▶ _WHAT YOU WILL DO_: Where a picture occurs in the data, omit it, and copy all remaining data exactly.

▶ _RECORD EXCERPTS_:

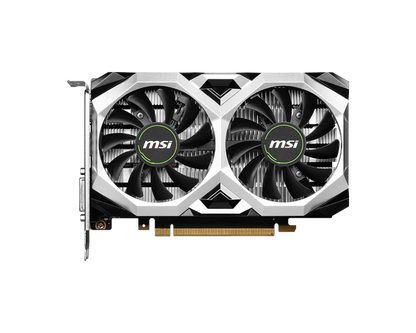 MSI GeForce GTX 1630 VENTUS XS 4G OC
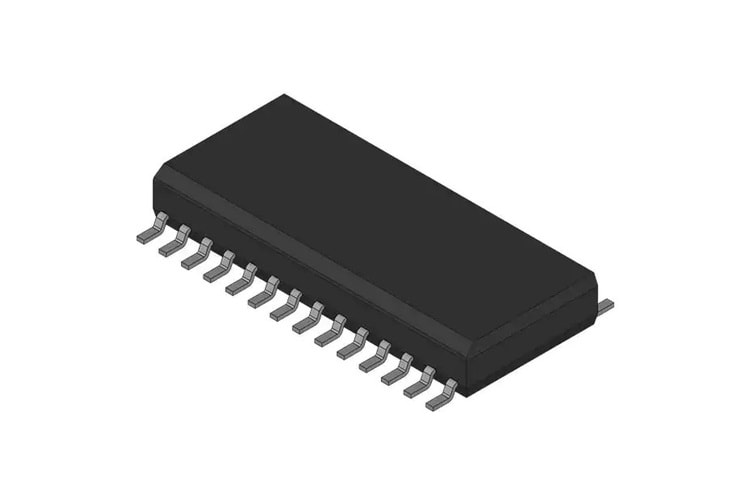 ENTEGRE BRUSH DC MOTOR CONTROLLER SOIC28 SMD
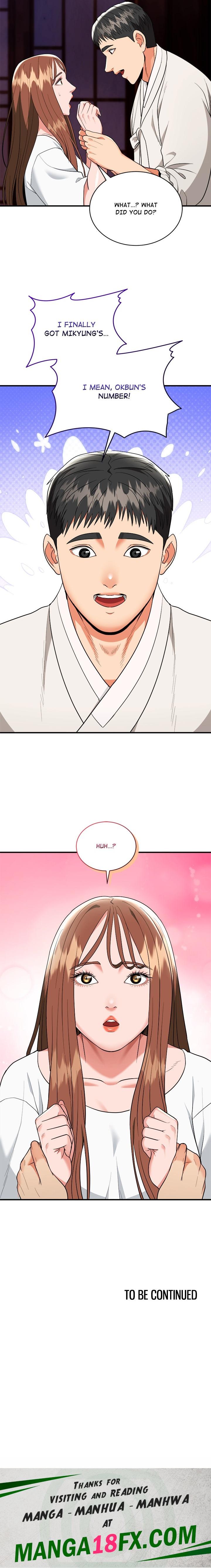 Kangsae the Strong (Uncensored) Chapter 18 - Page 19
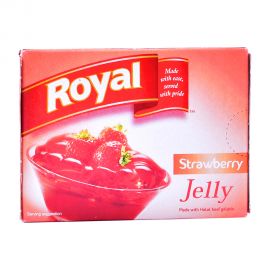 Royal Jelly Strawberry 85gm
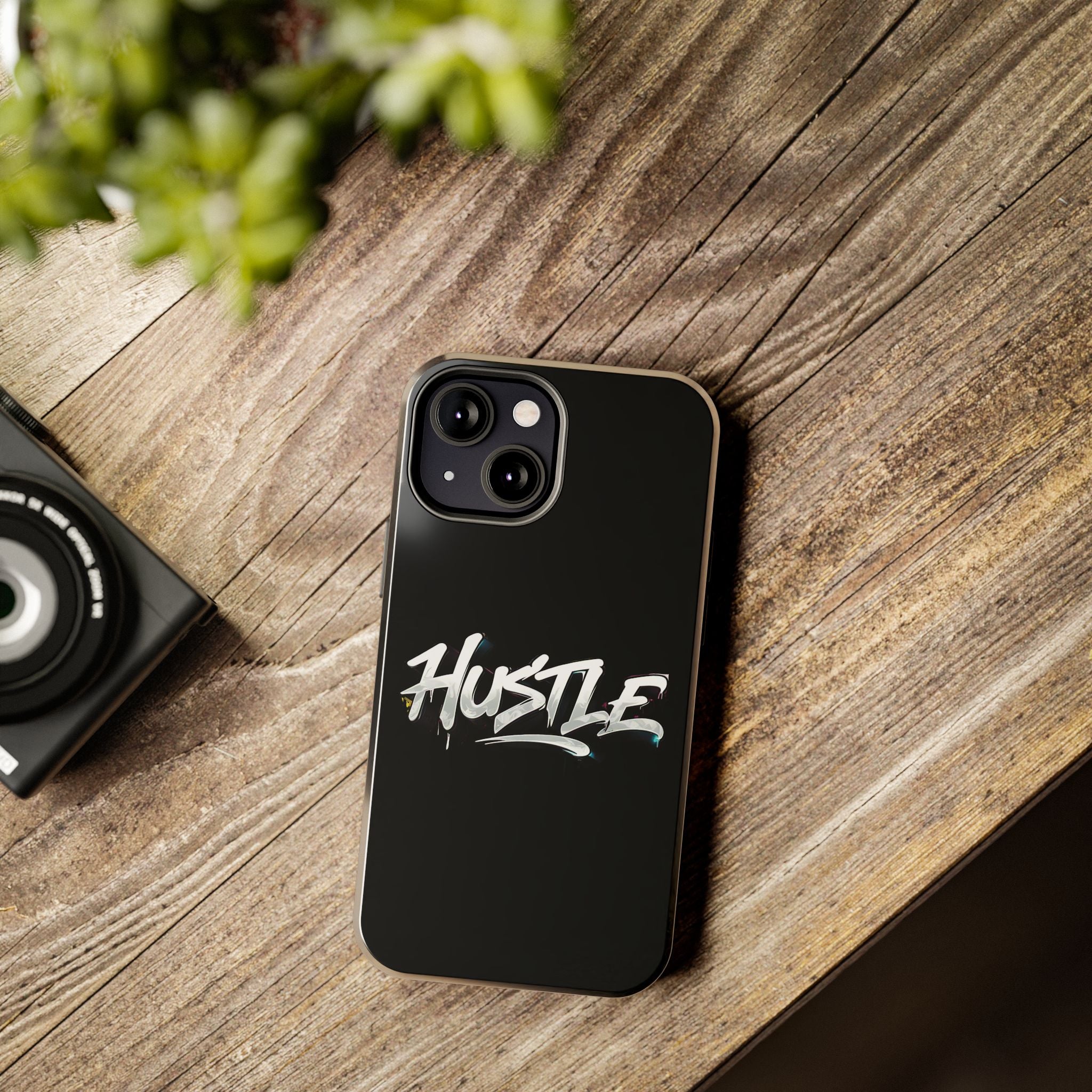 Hustle - Tough Phone Cases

▶ _RESPONSE BOX_:
 MSI GeForce GTX 1630 VENTUS XS 4G OC
 ENTEGRE BRUSH DC MOTOR CONTROLLER SOIC28 SMD
 Kangsae the Strong (Uncensored) Chapter 18 - Page 19
 Royal Jelly Strawberry 85gm
 Hustle - Tough Phone Cases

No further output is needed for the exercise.